Bandidos não têm dificuldades para invadir agências

Uma contradição. Assim que se pode observar o descumprimento da lei de vidros blindados por parte dos bancos e a sua utilização por parte das lotéricas. O SindBancários localizou no Centro de Porto Alegre uma loja que adotou a blindagem. Enquanto as instituições financeiras lucram milhões a cada ano, seguem ignorando as leis.
O próprio gerente da loja concordou que existe uma grande contradição nesta postura, uma vez que ele ganha muito menos do que os milionários lucros das instituições financeiras.

Em vigor desde abril de 2008, a Lei n° 10.397, determina que os bancos devem adotar em suas fachadas externas no nível térreo e nas divisórias internas das agências e nos postos de serviço bancários no mesmo piso, no município de Porto Alegre, vidros laminados resistentes à impactos e à disparos de armas de fogo.

Enquanto os bancos insistem em ter agências como se fossem lojas de confecções, os bandidos seguem atuando com a maior facilidade, sem encontrar obstáculo para suas investidas.

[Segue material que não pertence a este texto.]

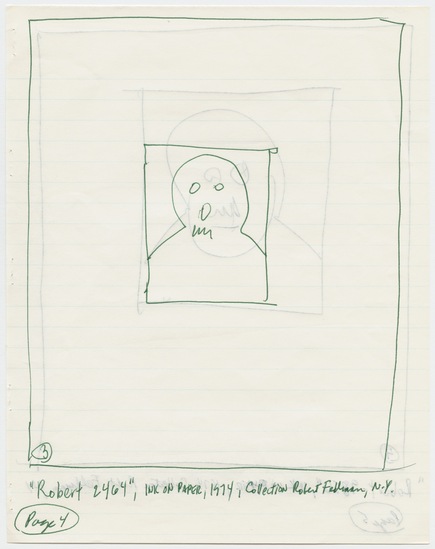 Work on paper 5 of 7 titled Letter to Tom Marioni from Chuck Close (Vision), green ink on white lined paper, four two-sided pages, accession number 1995.46.411.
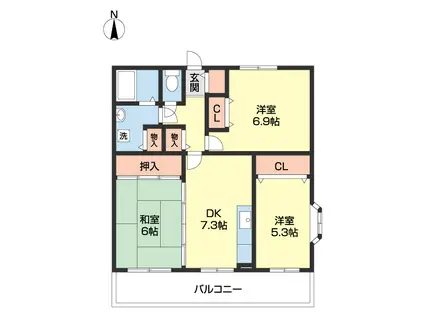 ストリームヴィレッジ(3DK/2階)の間取り写真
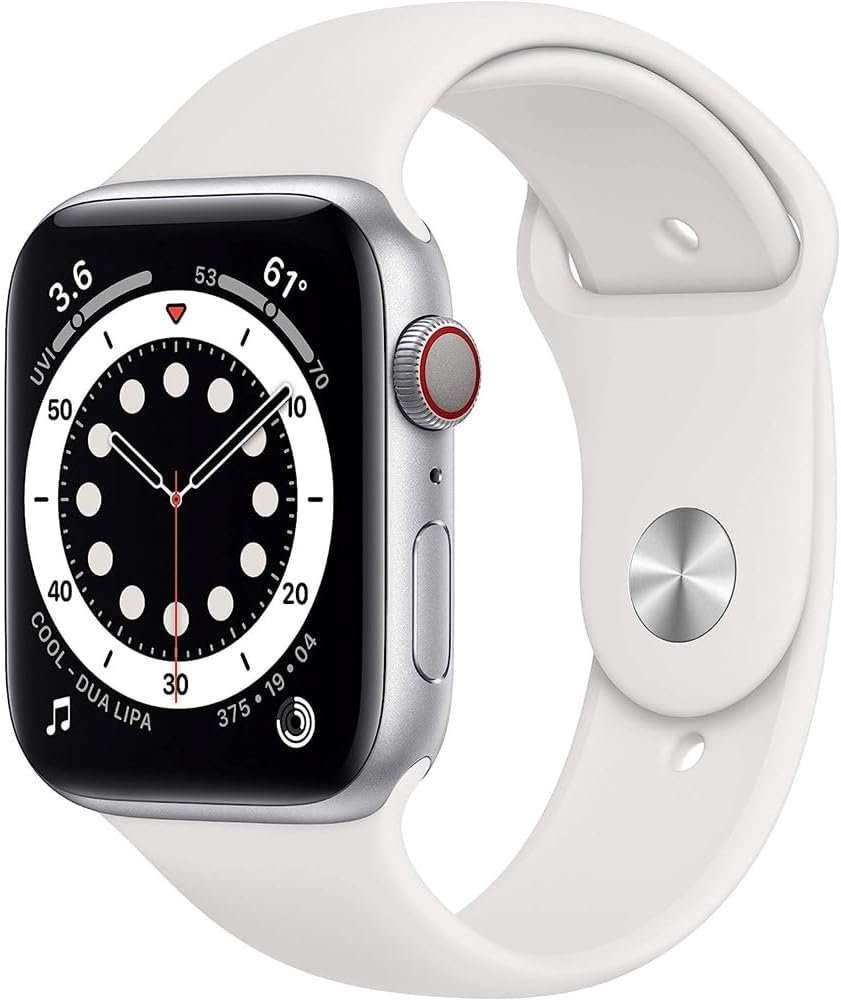 Apple Watch Series 6 (GPS + Cellular, 44mm) – Silver Aluminum Case with White Sport Band (Renewed)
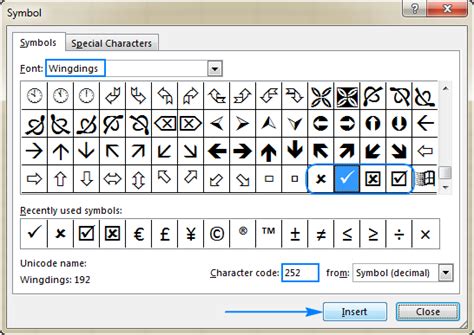 how to insert a check symbol in excel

"Se os correspondentes bancários têm condições de investir nas blindagens de seus vidros, não há justificativas para que os bancos não façam o mesmo. Além de se tratar de uma obrigatoriedade em face da legislação, é a demonstração plena da preocupação com a integridade e com a segurança não apenas dos trabalhadores bancários e vigilantes, mas também de seus clientes e usuários. Lamentavelmente, não é isso que constatamos", declara o diretor do SindBancários e da Fetrafi-RS, e integrante do Coletivo Nacional de Segurança Bancária da Contraf-CUT, Lúcio Mauro Paz.

"Investir em itens de segurança é imprescindível. E o descumprimento de uma obrigação legal é inadmissível. Por isso o poder público precisa agir imediatamente e autuar os bancos infratores. Se for preciso, deve-se inclusive caçar o alvará de um banco que não cumpre a lei. Não podemos esperar a morte de alguém para tomarmos alguma atitude. A vida está acima do patrimônio dos bancos", complementa o diretor.